In job-hunting these days, prospective employers seem to take for granted an applicant’s cutting-edge hard skills, such as education, technical prowess and work experience. Instead, most recruiters focus on a candidate’s soft skills that fit the available position and the company culture.
“In my opinion, soft skills are as important as – if not more important than – traditional hard skills. I would even add that soft skills are increasingly becoming the hard skills of today’s work force,” says Georges Zecchin, chief executive of Crédit Agricole (Suisse) Asia. “Technical skills alone will not guarantee success at the workplace. Attitude and interaction with others are equally important, as well as the way people get things done and how they react to events.”
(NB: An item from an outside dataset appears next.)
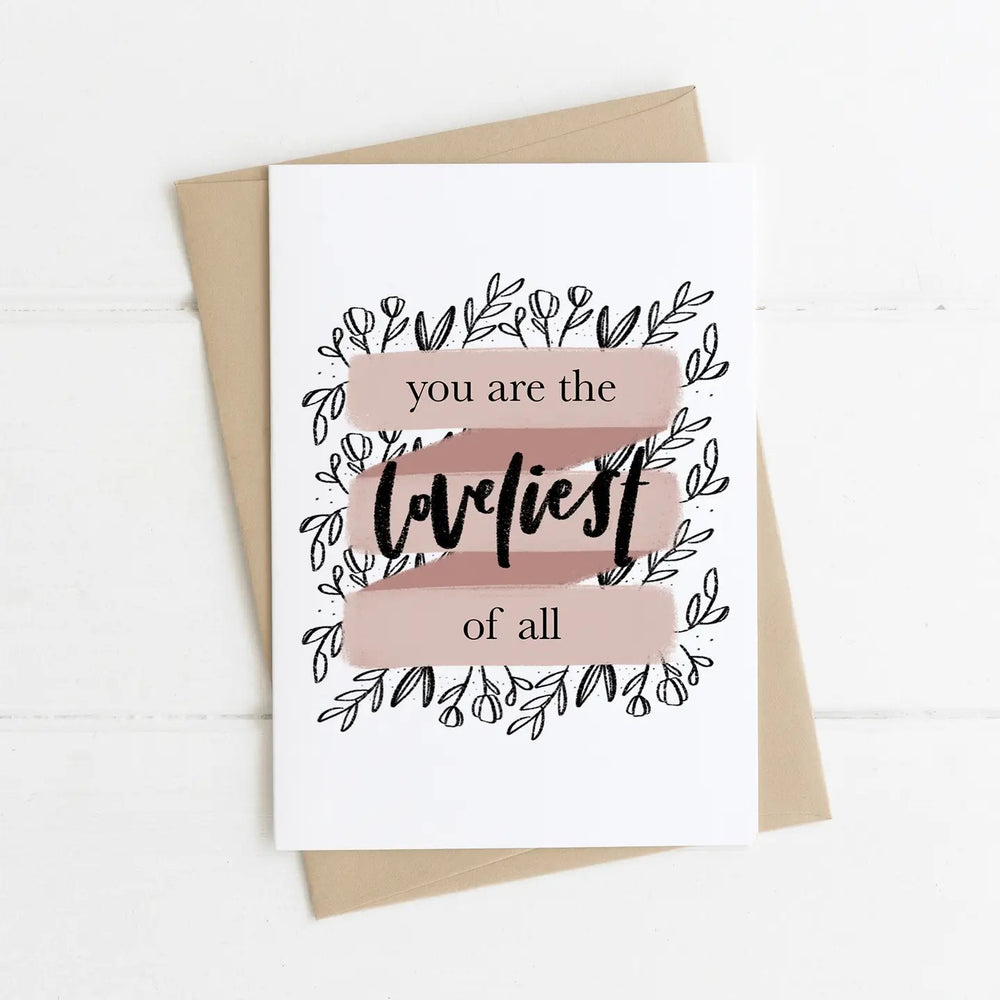 You are the Loveliest of All Card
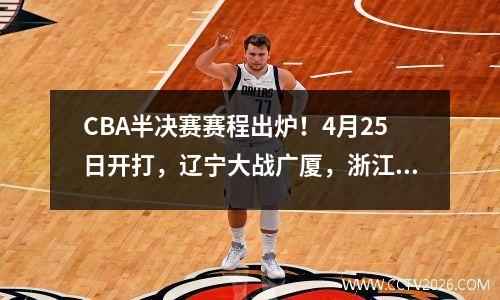 CBA半决赛赛程出炉！4月25日开打，辽宁大战广厦，浙江对阵深圳 cba半决赛今晚辽篮赢浙江卫视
Zecchin emphasises the need for developing the softer, interpersonal and relationship-building skills that help people to communicate and collaborate effectively.
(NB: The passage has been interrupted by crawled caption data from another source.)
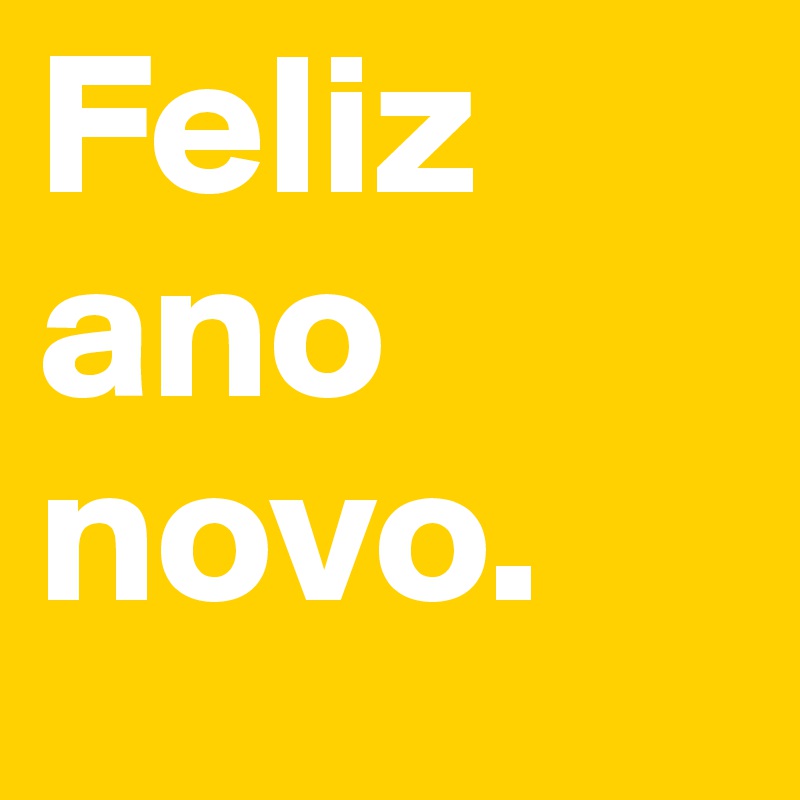 Feliz ano novo. 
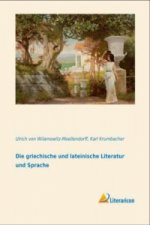 Die griechische und lateinische Literatur und Sprache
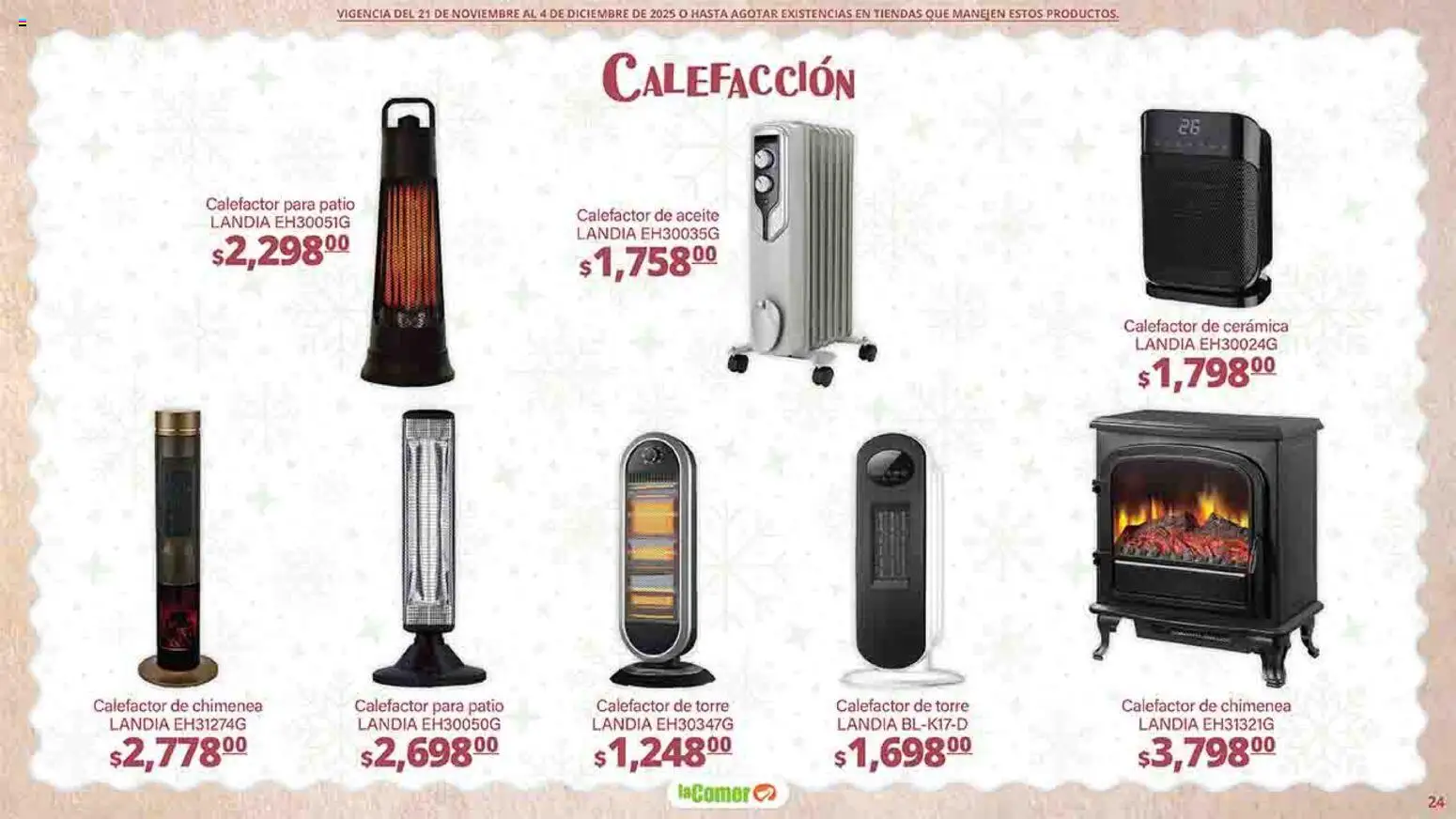 Nuevas ofertas de La Comer válidas en toda la República Mexicana desde el 21.11.2025. ¡Encuentra las mejores ofertas en La Comer folleto Felices Fiestas! | Página: 24 | Productos: Aceite, Calefactor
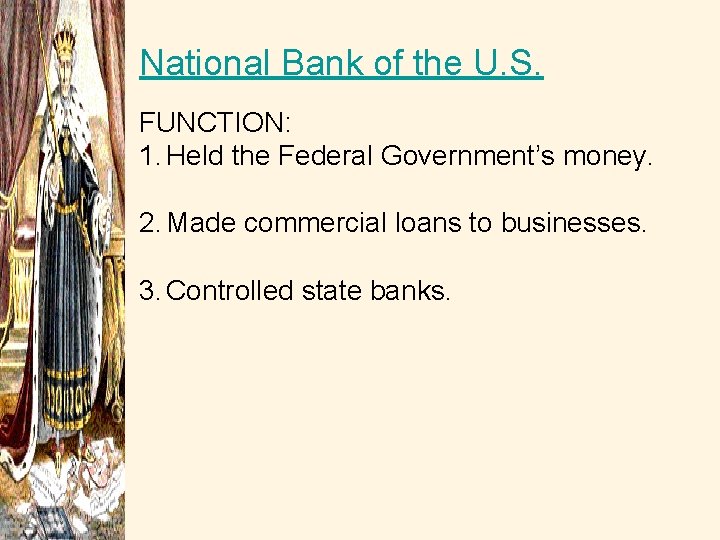 National Bank of the U. S. FUNCTION: 1. Held the Federal Government’s money. 2.
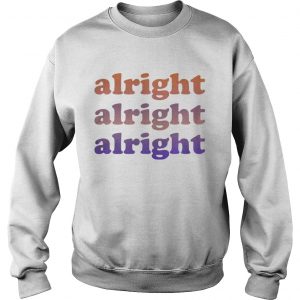 Matthew McConaughey Alright alright alright Sweatshirt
His company, which operates under Crédit Agricole Private Banking in Asia, is part of one of the world’s largest banks, the Crédit Agricole Group, with 160,000 staff in over 70 countries. It is one of the oldest banks in Hong Kong, having arrived here in 1894. Zecchin’s group currently has about 100 employees, and is boosting its presence by hiring private bankers and product specialists.
“Resilience, confidence, communication skills and a willingness to learn are some of the key soft skills we are looking for,” Zecchin says, adding that the most important attribute for a job applicant is the ability to listen to clients and find out their needs.
Given its international clientele, the bank is looking for people with a multicultural background, who not only speak several languages but can also understand and work with different mentalities and traditions. Apart from English and Cantonese, it is also looking for Taiwanese, Indian, Malaysian and Korean nationals, among others.
Zecchin says they allow private bankers sufficient freedom within a given framework to grow their own businesses, and to support them with a full range of products and services.
“A well-diversified, quality product offering is of paramount importance to relationship managers who strive to protect, manage and grow their clients’ wealth, thereby deriving personal job satisfaction,” Zecchin says.
Benefits go way beyond a competitive compensation package, and include a pro-entrepreneurial working atmosphere where individuals are involved in strategic decision-making, and are provided with wide-ranging career opportunities across the group’s global network, Zecchin says, adding that the bank believes in “building long-lasting relationships guided by common sense and based on usefulness, proximity and advisory to clients.”
Solid private-banking relationships can only be built over time and to promote such links, the bank keeps a close watch on staff turnover. Unsurprisingly, its approach has attracted many senior relationship managers from established and important banks, and has helped retain top talent.
Zecchin concedes that motivating relationship managers is not a “one-size fits all” exercise. “Our challenge is to find the most suitable method of recognising value and rewarding the professional skills and commitment of our staff to enhance loyalty,” he says.
Crédit Agricole Private Banking plans ahead and develops a consistent strategy to ensure that staff have the necessary skill sets. “In other words… [not only] being at the right place at the right time, [but also] with the right skills. This may seem like an obvious point, but it is nonetheless acutely important in today’s competitive marketplace,” Zecchin adds.
The bank uses the induction training to convey its corporate values to new hires, and offers its staff regular high-calibre training to help boost their performance and career development. It also organises local and regional team-building events and management trips to Switzerland.
Being part of an international organisation means that staff are offered global job opportunities and career mobility, Zecchin says.